# Nikon 16-85 vs. 18-200



## basserdan (Apr 21, 2008)

For anybody with enough experience between the Nikons 16-85mm vr and 18-200mm vr to make the call, which do you prefer? I know, I know, they are two different lenses with different capabilities and thus different expectations. But maybe the pros and cons between the two, in your opinion, leave you with one clear preference. Really, if your lense budget would allow for both, you probably would not buy both, possibly neither. What do ya think?


----------



## passerby (Apr 21, 2008)

basserdan said:


> For anybody with enough experience between the Nikons 16-85mm vr and 18-200mm vr to make the call, which do you prefer?


 
I think it is very early to encounter someone who has both lenses at this time except for those professional reviewers. I have came across a guy on the net who claimed in owning the 18-200mm vr and the 18-70mm.

Anyway. Without experiencing any of them I think I would choose the 18-200 vr. They almost cost the same but, yeah but from 85mm to 200mm is really long walk uphill. I am talking about versatile walk around lens here, not for the pixel peepers.


----------



## notelliot (Apr 22, 2008)

don't buy either. buy a used 85/1.8 and the 18-70.


----------



## shivaswrath (Apr 23, 2008)

i have heard the 16-85 performs a little better esp with the VR2


----------



## dEARlEADER (Apr 23, 2008)

You should mention what your style is...... what is it you like to shoot?

If ur planning on shooting beyond 85mm then the 18 - 200 wins...


----------



## Socrates (Apr 23, 2008)

shivaswrath said:


> i have heard the 16-85 performs a little better esp with the VR2


The 18-200 is also VR2.


----------



## JIP (Apr 23, 2008)

I guess it depends on what is important to you.  If you are looking for image quality go for the 16-85 if you are looking for convenience at the expense of image quality by all means go for the 18-200.

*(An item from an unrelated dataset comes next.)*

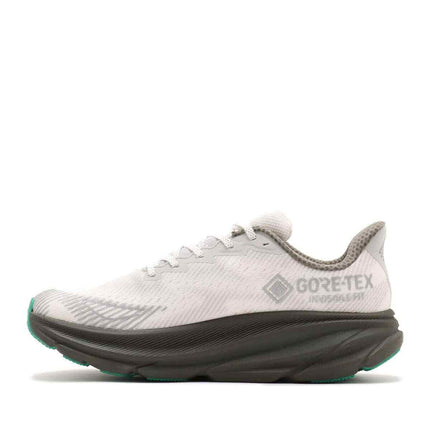 1159910-HMS Hoka Clifton 9 GORE-TEX TS Harbor Mist (Men's)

Could you have predicted this answer Soc???


----------



## keith204 (Apr 23, 2008)

I'd buy neither, and look into a Tamron 17-50 f/2.8 and possibly a decent tele.  17-50 is really a good walkaround range.


----------



## AlexColeman (Dec 19, 2008)

Well, I have heard rumors that the 16-85 doesn't perform as well as the 200, at focal lengths such as 115 and 170...just pointing out.


----------



## reg (Dec 19, 2008)

Well, I have heard rumors that this thread has been dead since April.... just pointing out.


----------



## Garbz (Dec 21, 2008)

:er:


----------